Итак, задача эстетической критики не в том, чтобы извлекать мысль из художественного произведения, как то делали Чернышевский и Добролюбов. Тогда в чём же? Послушаем Анненкова: у критиков, «ищущих предпочтительно мысли, вся лучшая сторона произведения, именно её постройка, остаётся почти всегда без оценки и определения…» Критик-эстетик и пытается определить «постройку» тургеневских повестей: он обращает внимание на их «поэтический элемент», специфику пейзажа у Тургенева (свойственную ему концентрацию на «характерной черте»), критически подмечает неполноту портретирования героев при обилии «неразумных случайностей». В конечном итоге критик добивается цели, им перед собой поставленной: «открыть и уяснить себе … художнические привычки писателя, его сноровку и своеобычный образ исполнения тем», нарисовать читателю «литературную физиономию» писателя. Как бы теперь сказали, Анненков нацеливает критику на осмысление поэтики.

Следующая принципиальная для эстетической критики статья Анненкова, напечатанная им в 1856 г. в «Русском вестнике» после ухода из «Современника», – «О значении художественных произведений для общества» (при переиздании получила название «Старая и новая критика»). Автор, как он сам выражается, ставит здесь «вопрос о художественности» как «жизненный вопрос для отечественной литературы». В качестве образцового художника Анненков выдвигает Пушкина, и здесь он неизбежно должен был вступить в полемику с реальной (да и славянофильской) критикой. «Посредством Пушкина, – полемически заостряет он идею своей недавней книги о поэте, – русская публика ознакомилась с изяществом не одних только стихов, как начинают думать некоторые критики <очевидный намёк на Чернышевского>, а с изяществом образа мыслей». По Анненкову, само по себе сие изящество не только не устарело, но «необходимо каждому образованному обществу на земле и в каждую эпоху его жизни». Логика эстетического критика следующая: искусство, обращаясь к отдельному человеку, облагораживает его душу. Общество же состоит из этих отдельных человеков, меняются они, меняется и общество. Очевидно, так следует толковать слова критика: «Чисто художественное произведение действует на психическую сторону народа».

Так называемому гоголевскому направлению, выдвигаемому реальной критикой, Анненков противопоставляет «пушкинскую школу» и ожидает в будущем возрождения её как представительницы «художественного направления в поэзии». Высоко ставя Гоголя как художника, Анненков полагает, что трагедия его заключалась в том, что он не доверился «естественному ходу» своего художнического таланта и «внёс в дело наставнический элемент, на котором в искусстве ничего создать нельзя». Заметим к слову, что современное так называемое «религиозное литературоведение» совсем в ином, апологетическом духе решает вопрос о позднем Гоголе. Эстетический подход, на коем настаивал Анненков, в этом случае в который раз уступил место идеологическому.

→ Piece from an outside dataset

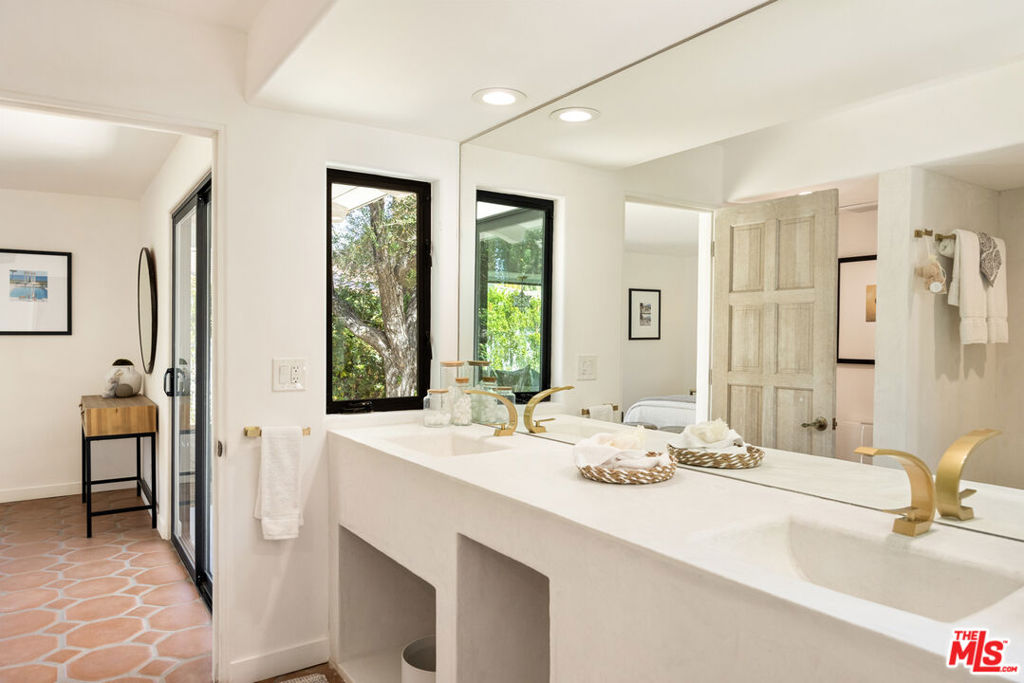 Old Las Palmas - Residential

Впрочем, далеко не всегда сам Анненков в своей критике ограничивается проблемой художественности. Прочитав статью Чернышевского «Русский человек на rendez-vous» (см. далее главу о реальной критике), он пишет полемический ответ: «Литературный тип слабого человека. По поводу тургеневской “Аси”» (1858). Это была многословная и несколько путаная апология осмеянного Чернышевским типа героя (сумбурность, как мне кажется, выдавала личную уязвлённость автора статьи). Защитительную речь Анненкова можно свести к двум пунктам: 1) цельность и активность личности, призываемые Чернышевским, могут принадлежать и нравственно ущербной, эгоистической натуре (чуть позже таким героем предстанет Калинович, персонаж романа А. Ф. Писемского «Тысяча душ», в аналитической рецензии Анненкова «Деловой роман в нашей литературе», 1859); 2) слабый, т.е. рефлектирующий тип личности сыграл положительную роль в истории русского общества, да и будущее пока остаётся за ним, т.к., по уверению критика, «в свойствах нашего характера и складе нашей жизни нет ничего похожего на героический элемент», естественным образом ценимый в европейской литературе (Анненков подразумевал, в частности, знаменитую книгу Карлейля «Герои и героическое в истории»), но никак не в русской. Спор на эту тему продолжился в новых исторических условиях, в начале XX века – см. статью С. Н. Булгакова «Героизм и подвижничество» в сборнике «Вехи» (1909) и книгу С. А. Венгерова «Героический характер русской литературы» (1911). Имел он и более близкое по времени продолжение, когда слово взял сам автор «Аси». 10 января 1869 г. И. С. Тургенев произнёс на публичном чтении (новая тогда и чрезвычайно популярная впоследствии форма литературной критики, в чём-то напоминающая словопрения в литературных обществах начала века) речь «Гамлет и Дон Кихот». Два вечных типа мировой литературы он трактовал как два полюса, две разъединившихся половинки человеческого бытия – «мысль», «принцип анализа» (Гамлет) и «воля», «принцип энтузиазма» (Дон Кихот). Их разъединение составляет трагический дуализм человечества, поскольку оба эти начала равно необходимы. Тем не менее в речи Тургенева, человека реформаторской эпохи, ощутима бóльшая симпатия к Дон Кихоту, нежели к Гамлету. Ведь первый оставляет людям свои «добрые дела», а взор последнего «не обращается вперёд». Героический тип не заставил себя ждать, и в том же январе 1860 г. явился в русскую литературу Инсаров («Накануне»), а через два года Базаров («Отцы и дети»).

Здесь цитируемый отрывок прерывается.